Hay poetas constantes y poetas estacionales. Los primeros, claro está, escriben siempre, donde y cuando sea. Suelen ser prolíficos y no hay día, hora o clima que perjudique o beneficie su escritura.
Otros somos más bien poetas “estacionales”: lidiamos durante todo el año con la prosa de los días, del trabajo y las obligaciones, y, quizá porque necesitamos tener los músculos de la lírica descansados, solemos escribir poemas sólo cuando estamos de vacaciones. A Gustav Mahler le pasaba lo mismo cuando quería componer.
Debía dejar a un lado las obligaciones propias del mejor director de orquesta de su tiempo para, recién entonces, imaginar y poner en partitura esas sinfonías oscuras, estremecedoras y hermosas que trazó en sus retiros veraniegos de Steinbach o Maiernigg.

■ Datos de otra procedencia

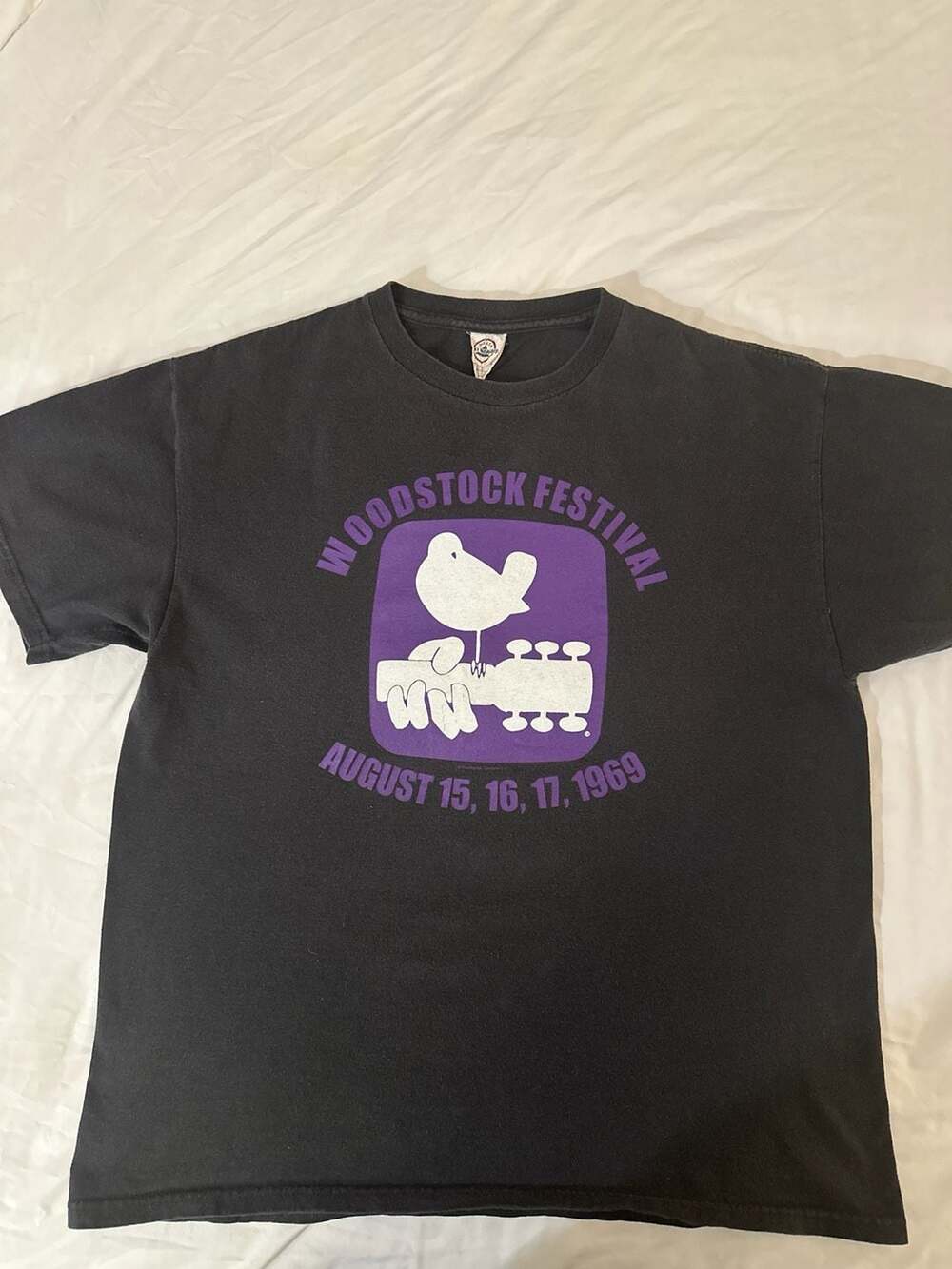 SPRING SALE!! Vintage 90s Woodstock  Single Stitch T-Shirt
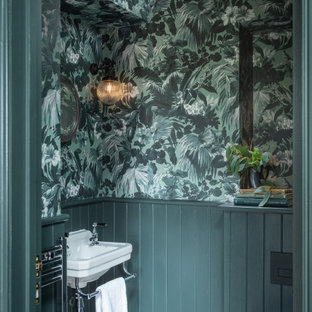 Ispirazione per un piccolo bagno di servizio country con WC sospeso, pavimento in gres porcellanato, lavabo sospeso, pavimento multicolore e carta da parati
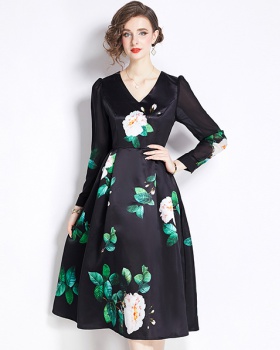 Long sleeve Korean style long dress black V-neck dress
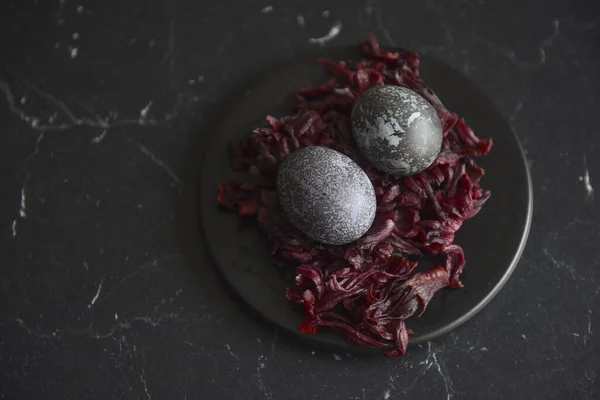 Telur Ayam Rebus Berwarna Dengan Daun Teh Merah Stok Foto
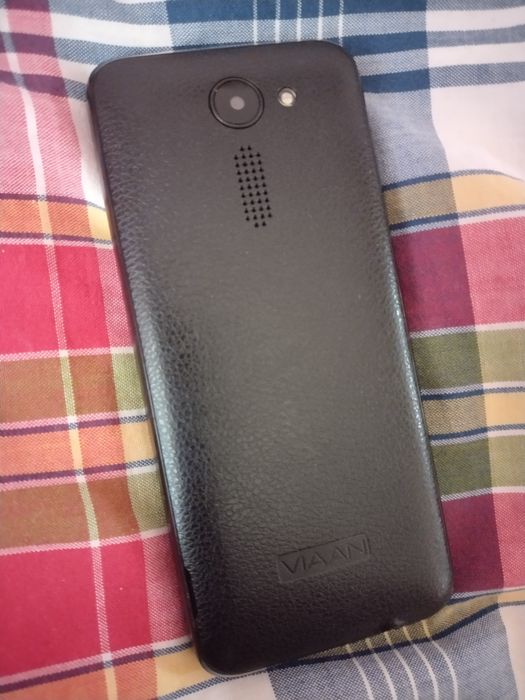 Телефон кнопковий Viaan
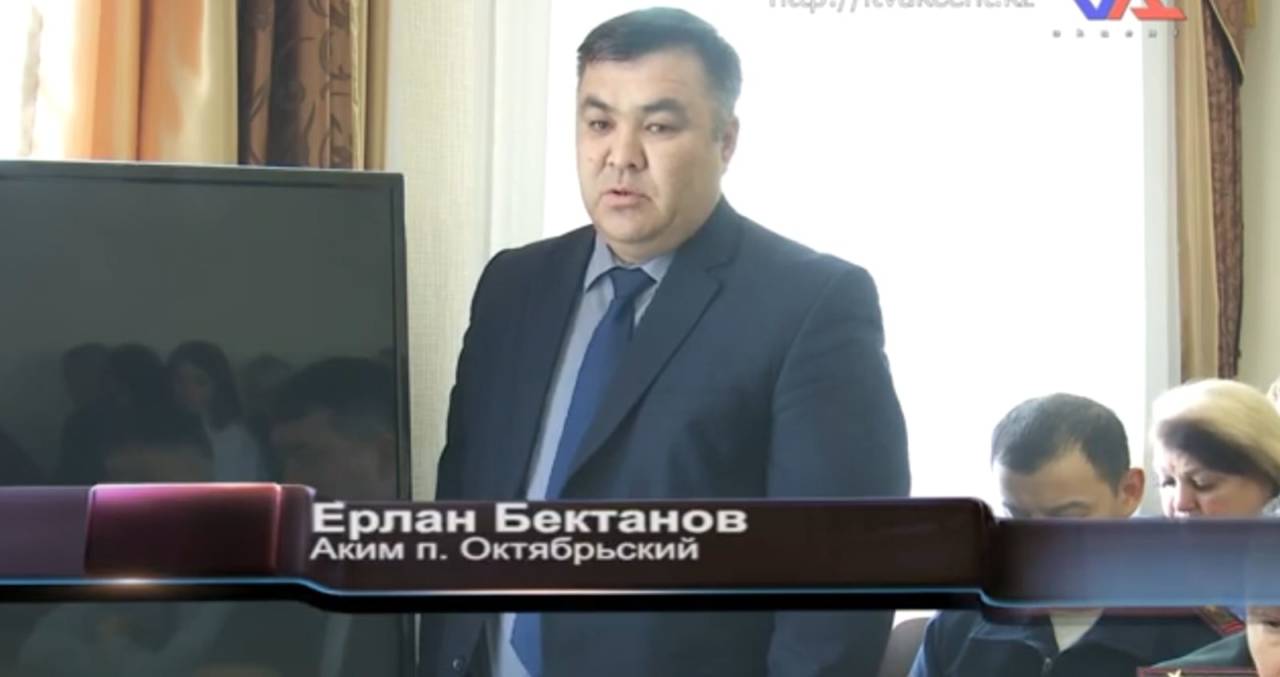 Аким п. Октябрьский Ерлан Бектанов обвиняет в клевете журналиста Максима Сушко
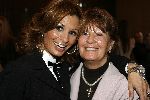 Ouderkerk aan de Amstel 3 april 2006
Presentatie boek Leontine Borsato in restaurant Lute.
Leontine  en haar moeder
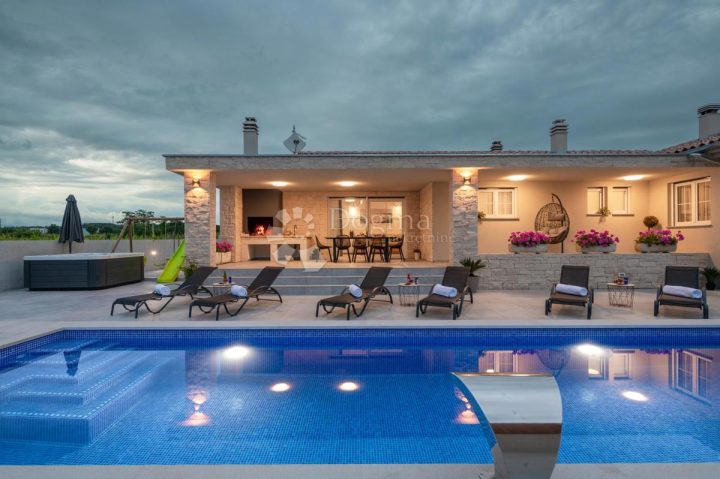 Casa in vendita 145 m² – Pula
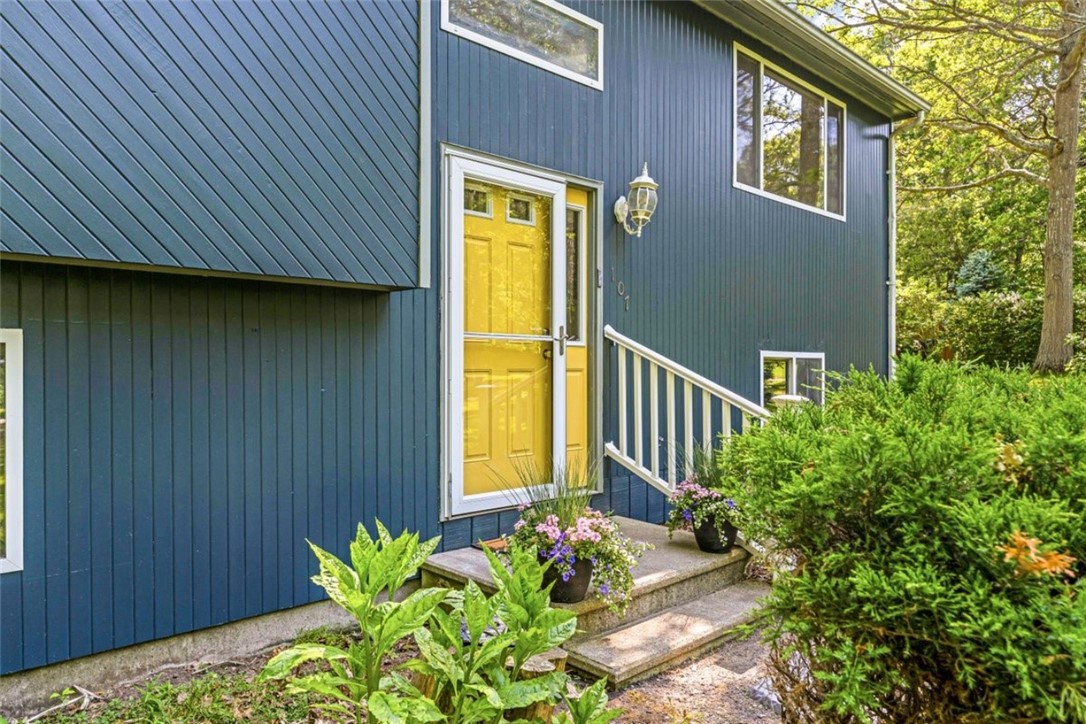 107 Huckleberry Road North Kingstown, RI 02852 - Photo 3 of 29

Ser poetas estacionales, y cuya savia de versos se estimula en el verano, nos pone a la altura de los insectos.
Esto sucede cuando, bajo la lámpara que nos acompaña en las “rondas nocturnas” a la caza de un poema, somos de pronto golpeados por un bicho volador.
Al levantar la vista descubrimos el enjambre de desquiciados seres que giran como satélites perdidos alrededor de la luz, criaturas que golpean el farol, que incluso sacrifican sus pobres vidas breves con tal de tocar –como ícaros que no aprendieron la lección– esa irresistible fuente de energía.

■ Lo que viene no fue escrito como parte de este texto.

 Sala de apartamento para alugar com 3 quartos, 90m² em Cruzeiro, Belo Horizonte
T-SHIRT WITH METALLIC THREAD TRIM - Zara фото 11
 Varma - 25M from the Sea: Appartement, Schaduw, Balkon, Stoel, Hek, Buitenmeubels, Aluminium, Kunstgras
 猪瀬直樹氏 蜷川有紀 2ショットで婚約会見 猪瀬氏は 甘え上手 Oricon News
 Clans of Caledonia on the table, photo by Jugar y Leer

Es cierto que lo primero que hacemos al interrumpir nuestra faena es combatir esa invasión. Usamos las manos o el insecticida. Cerramos la ventana o, ya en el límite de la desesperación, apagamos la lámpara. Allí es cuando descubrimos a nuestros semejantes: no lo sabíamos, pero habíamos estado haciendo lo mismo.
Como los insectos, los poetas aparecemos casi ex nihilo en las noches, bajo las lámparas que guían nuestro desorbitado vuelo.
Fabio Morábito dice que siempre se escribe en silencio, aunque haya ruido a nuestro alrededor. Creo que también siempre se escribe de noche, con la guía de una luz tenue que no lleva a otra parte más que a su propio resplandor. Cada verso es un golpe contra el candil. El canto de la mano corre con violencia un insecto que se ha pegado al papel -o a la pantalla de la computadora portátil-, y corre de algún modo lo erróneo de otro canto (lírico), el que estamos escribiendo.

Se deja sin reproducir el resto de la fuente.